Multilevel Semantic-Aware Model for AI-Generated Video Quality Assessment
Jiaze Li, Haoran Xu, Shiding Zhu, Junwei He, Haozhao Wang
TL;DR
This work addresses the challenge of assessing AI-generated video quality by introducing MSA-VQA, a multilevel semantic-aware framework that analyzes video content at frame, segment, and full-video scales. It combines CLIP-based Prompt Semantic Supervision to ensure semantic alignment with prompts and a Semantic Mutation-aware module to detect subtle frame-to-frame semantic changes, both integrated within a three-branch ensemble trained with specialized losses. The approach achieves state-of-the-art results on AI-generated VQA benchmarks, demonstrating the benefit of aligning perceptual quality with semantic coherence and mutation dynamics in generated videos. The findings suggest that incorporating semantic supervision and cross-attentive mutation modeling can significantly improve the reliability of VQA for AI-generated content, with practical implications for quality control in AIGC pipelines.
Abstract
The rapid development of diffusion models has greatly advanced AI-generated videos in terms of length and consistency recently, yet assessing AI-generated videos still remains challenging.

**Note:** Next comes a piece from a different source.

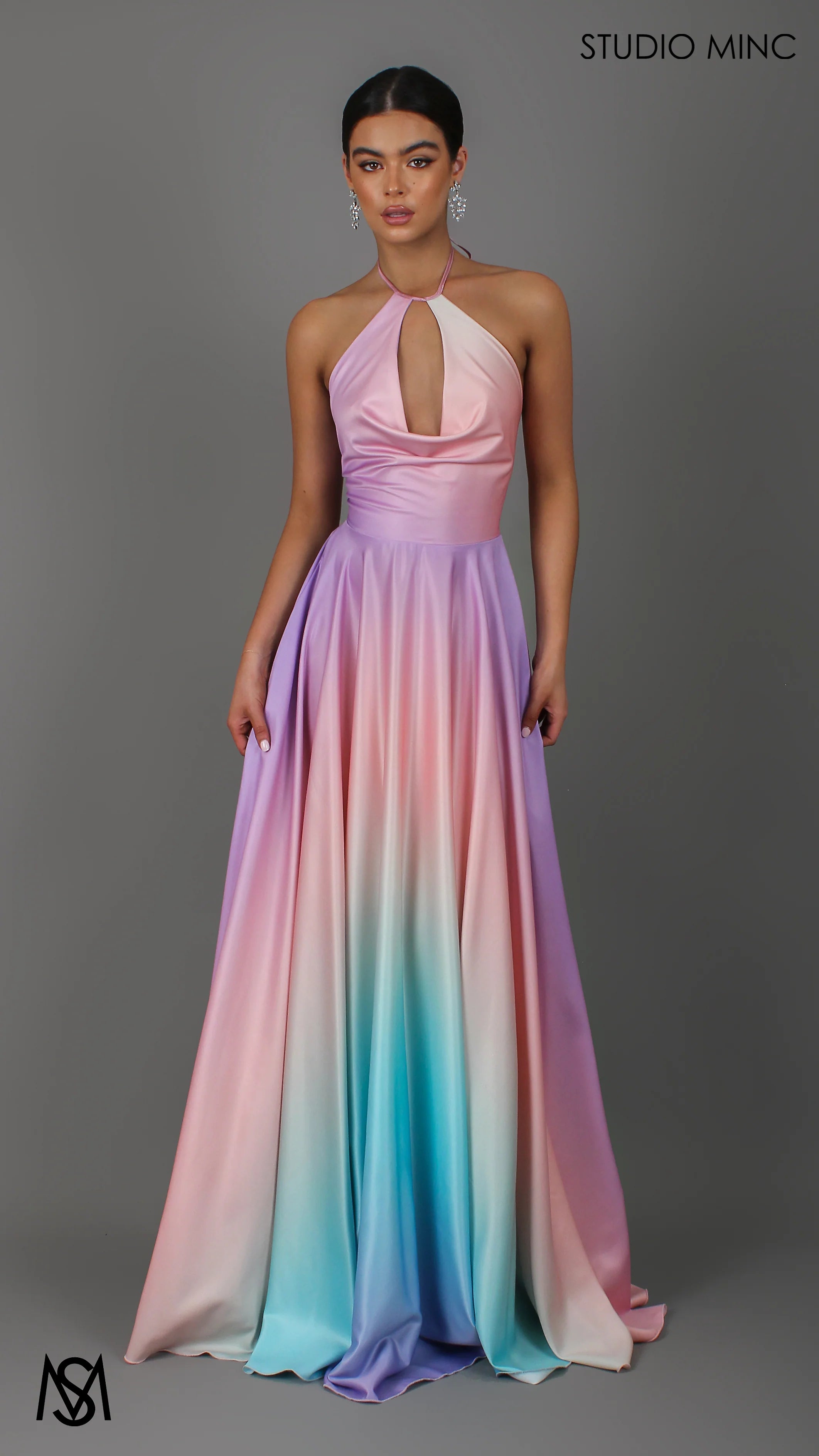 SUNSET PINK - Multi Colour pink Formal Dress, Satin High Neck Plunge & Backless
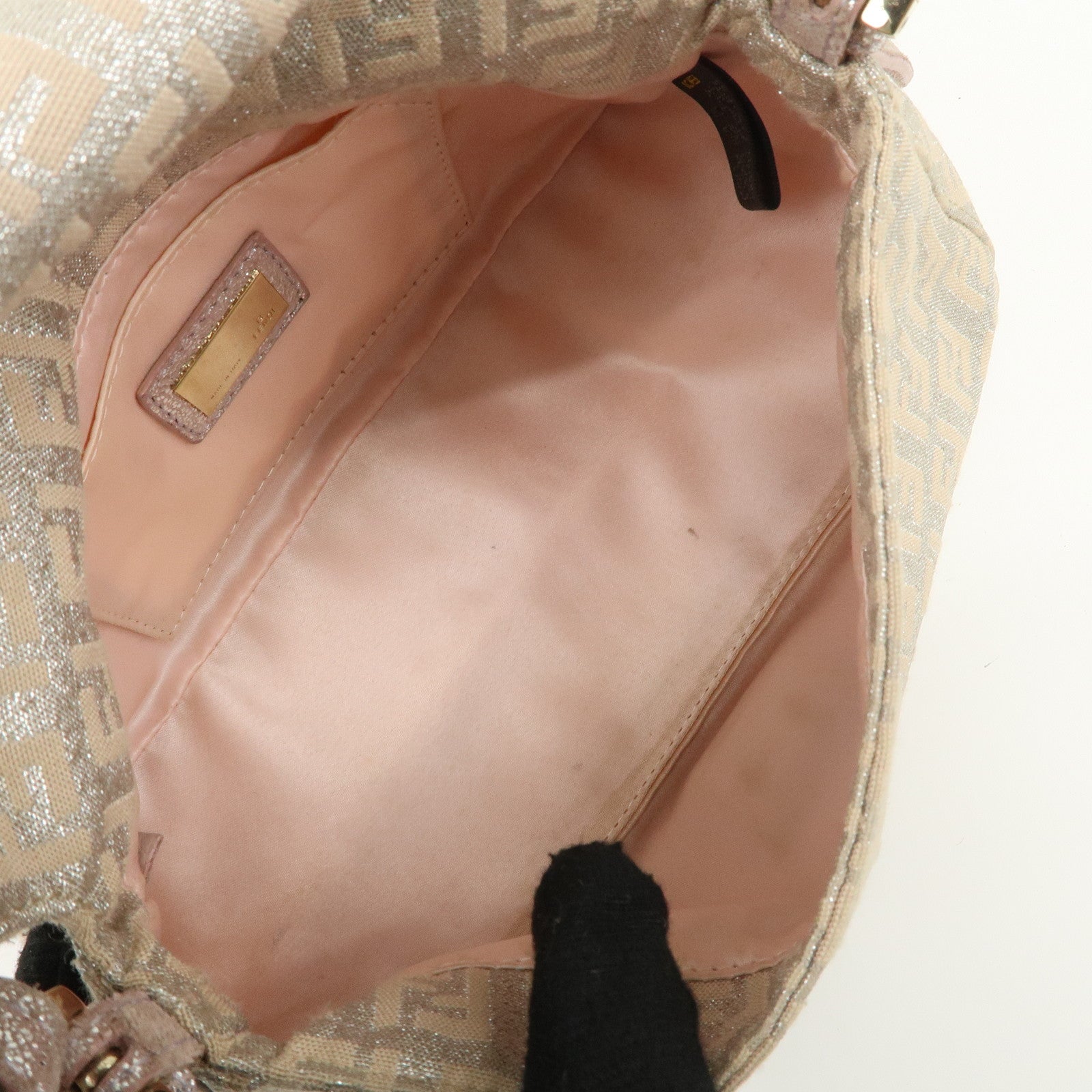 FENDI Mini Mamma Baguette Zucchino Canvas Leather Shoulder Bag 8BR180 Used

Previous approaches have often focused on User-Generated Content(UGC), but few have targeted AI-Generated Video Quality Assessment methods. In this work, we introduce MSA-VQA, a Multilevel Semantic-Aware Model for AI-Generated Video Quality Assessment, which leverages CLIP-based semantic supervision and cross-attention mechanisms. Our hierarchical framework analyzes video content at three levels: frame, segment, and video. We propose a Prompt Semantic Supervision Module using text encoder of CLIP to ensure semantic consistency between videos and conditional prompts. Additionally, we propose the Semantic Mutation-aware Module to capture subtle variations between frames. Extensive experiments demonstrate our method achieves state-of-the-art results.